Zygo commented 2 years ago

it's pretty clear the file system was used with a fairly low metadata workload until all space was used

This can also happen if the user runs a "maintenance" balance on metadata block groups. Metadata balance on a non-full filesystem pretty much guarantees ENOSPC at some point when the filesystem fills up, possibly months in the future. "Never balance metadata" is the one-sentence oversimplified workaround--eventually enough metatdata block groups accumulate to reserve enough space that we stop running out, and then we only need to make sure we never delete them (as a metadata balance does).

In practice there needs to be something like 2 + number_of_devices block groups' worth of free metadata space all the time to handle all the special cases (e.g. when a block group becomes read-only during a scrub or balance, you suddenly have less usable metadata space, and hit ENOSPC when trying to get more). It leads to fun corner cases like "can't replace a small failed disk in raid1 because only one metadata BG has free space, and replace locked it."

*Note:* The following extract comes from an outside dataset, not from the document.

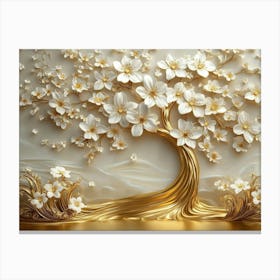 3d Art Golden Tree With White Flowers 2 Canvas Print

kakra commented 2 years ago

Maybe meta balance should allow for a target "balance all metadata chunks to 80% usage", this could reverse bad effects of previous balances... Of course, that doesn't help, if it's already too late.

Zygo commented 2 years ago

The percentage would depend on block group count and filesystem size. For most filesystem sizes 99% is fine, but on filesystems below 1TB or so, you have to do math to figure out what the percentage should be. On smaller filesystems it ends up being under 0%, i.e. you have to have empty block groups lying around.

kakra commented 2 years ago

The percentage could be made a parameter for balance until someone figures out a nice formula for this. I didn't mean to suggest 80% as a static value, I rather wanted to suggest a different balance mode that would target some percentage instead of using it as a threshold and filling everything below that to 100%.

Zygo commented 2 years ago

you have to have empty block groups lying around.

OK that's a confusing way to say it. There's a minimum number of block groups, regardless of size. Something like btrfs-balance-least-used could walk the metadata block group items and figure out if there's enough space in the right number of block groups, then do the right amount of balancing, then stop.